WORK TO BE COMPLETED
What's needed is an exact copy of the lines from the one that contains "Personalized Baby Sweater" to the end of the data below, leaving the pictures out.

GIVEN INFORMATION

__________________________________________________

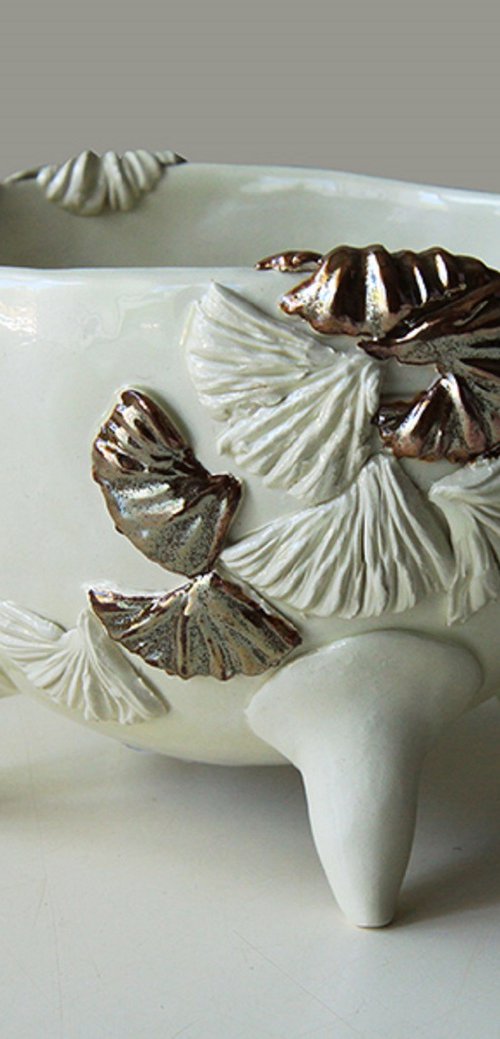 Ceramic | White Dish with Gold by Sigita Lukosiuniene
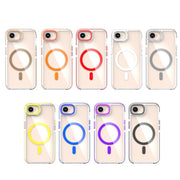 For iPhone 16e Dual-Color Clear Acrylic Hybrid TPU MagSafe Phone Case(Purple)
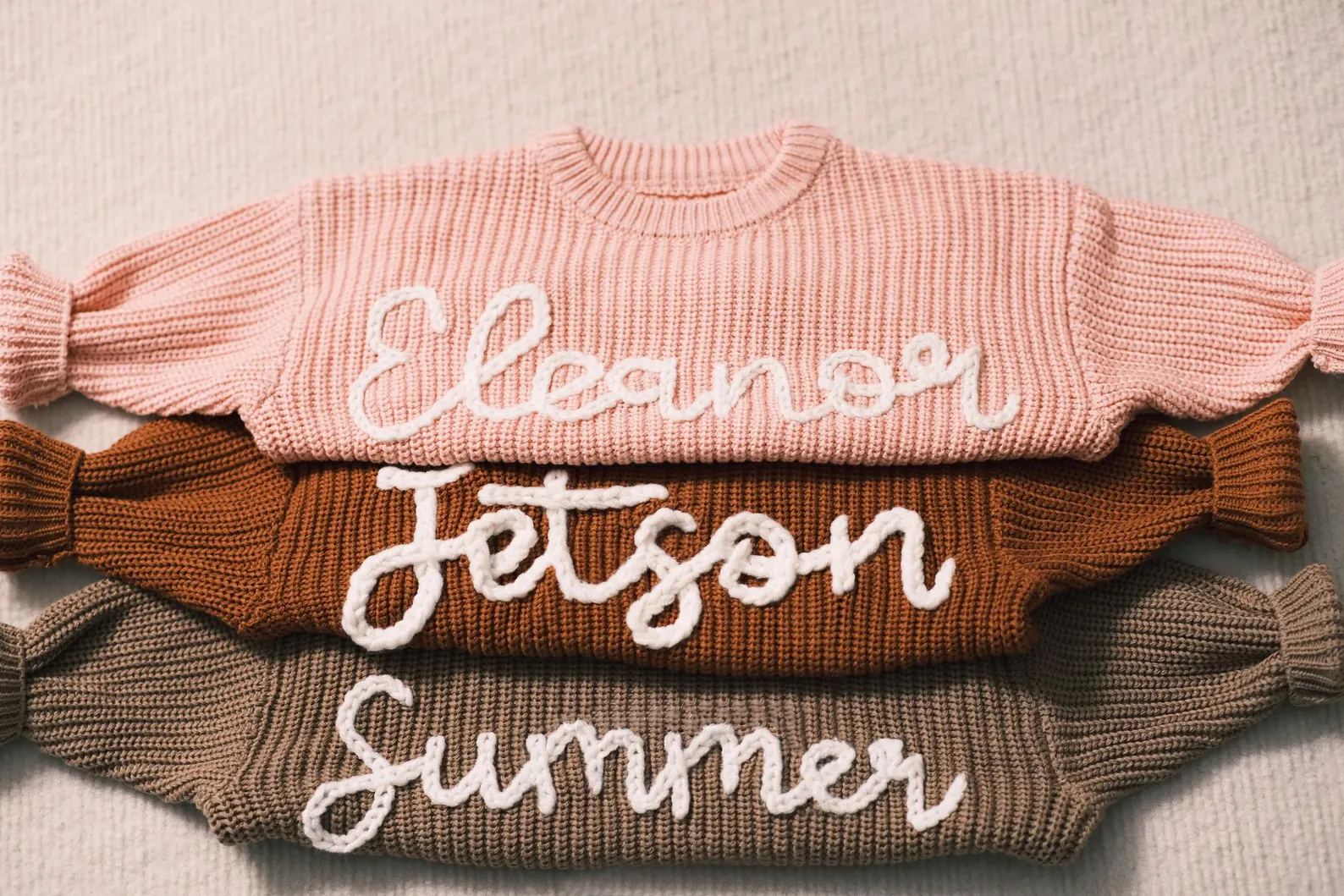Personalized Baby Sweater With Hand-Embroidered Name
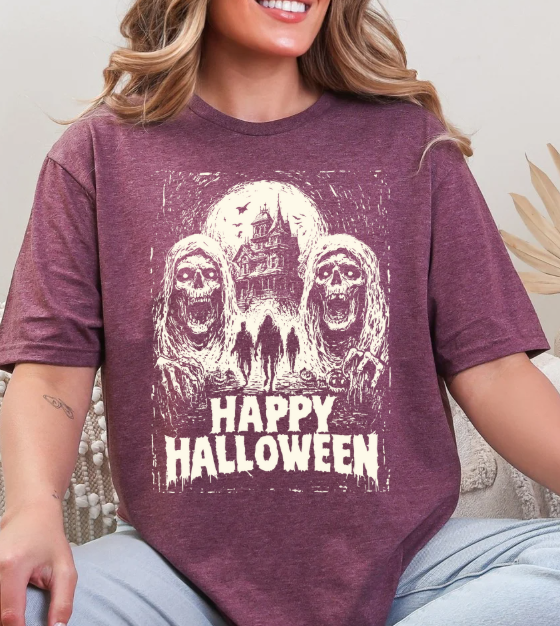 Happy Halloween Haunted House Unisex Softstyle T-Shirt – Spooky Skull Graphic Tee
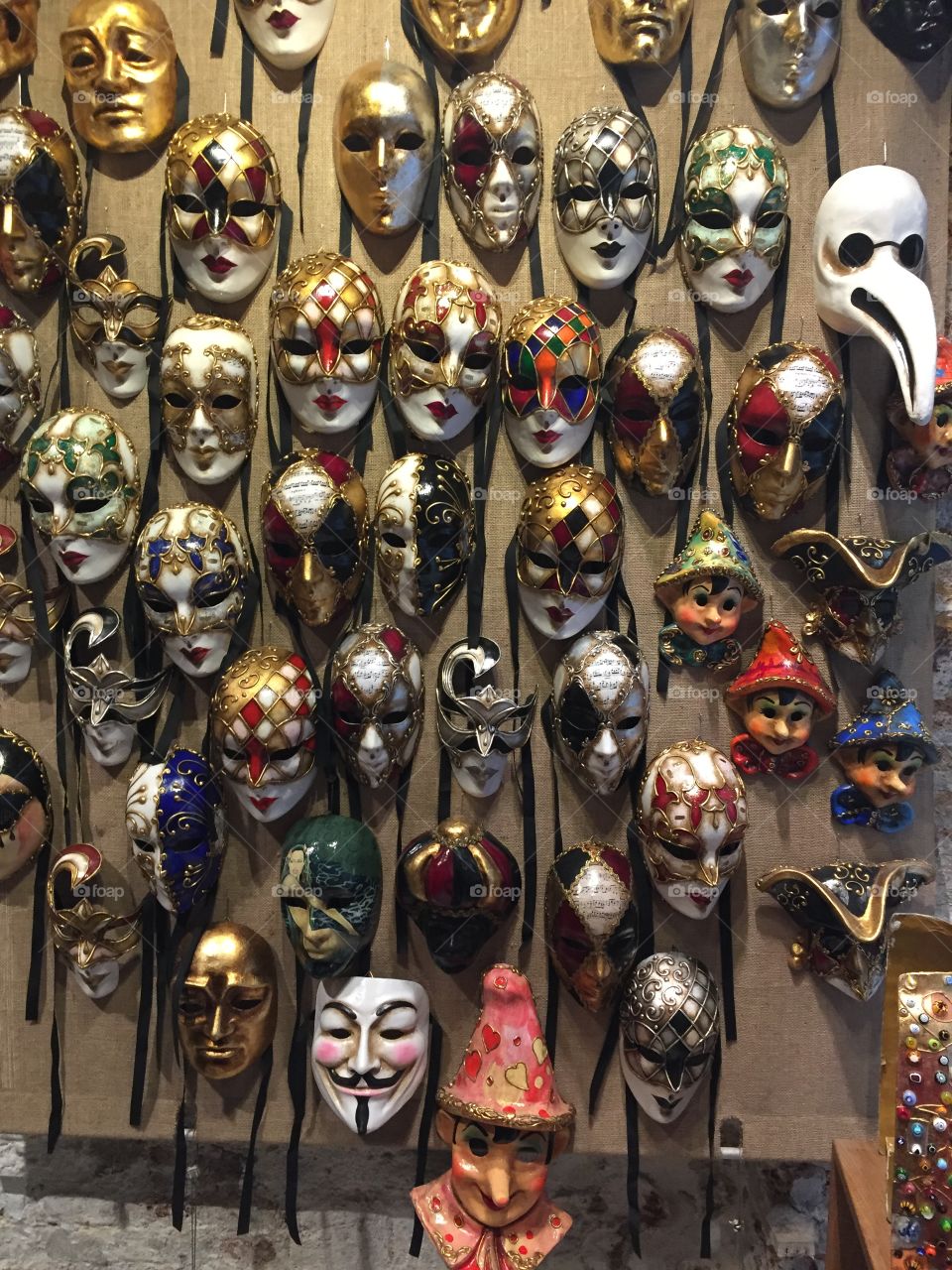 Display of Venetian masks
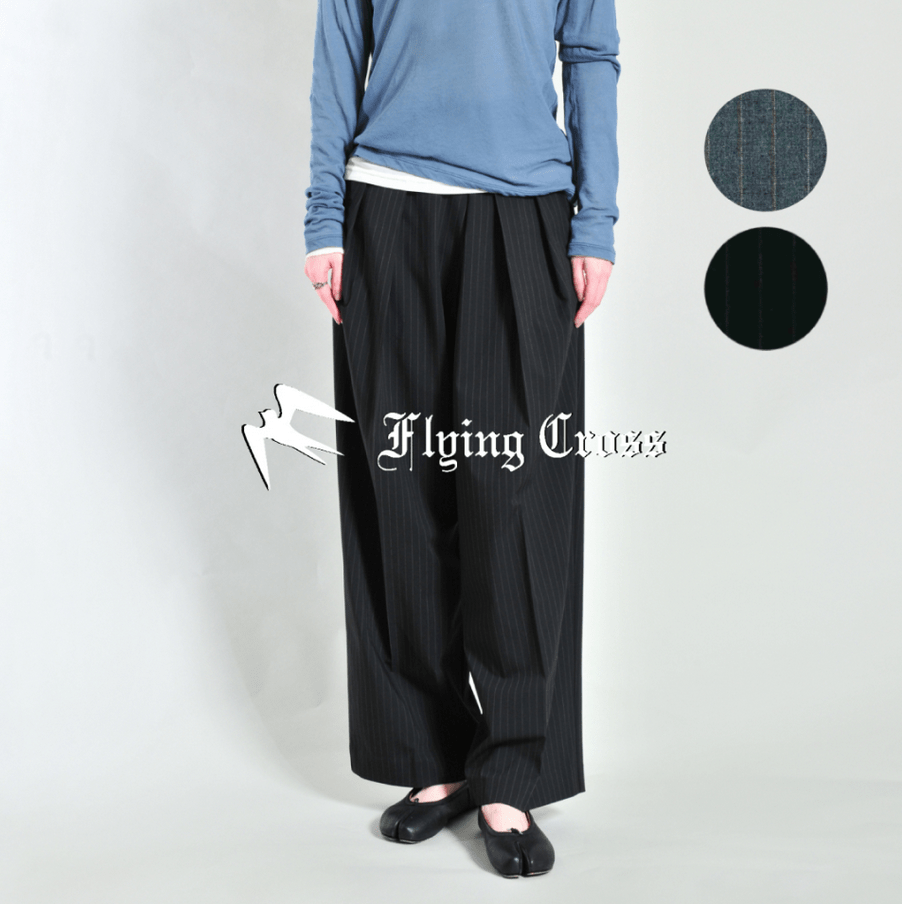 FlyingCross ストライプストレートタックパンツ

__________________________________________________

EXERCISE RESPONSE
Personalized Baby Sweater With Hand-Embroidered Name
 Happy Halloween Haunted House Unisex Softstyle T-Shirt – Spooky Skull Graphic Tee
 Display of Venetian masks
 FlyingCross ストライプストレートタックパンツ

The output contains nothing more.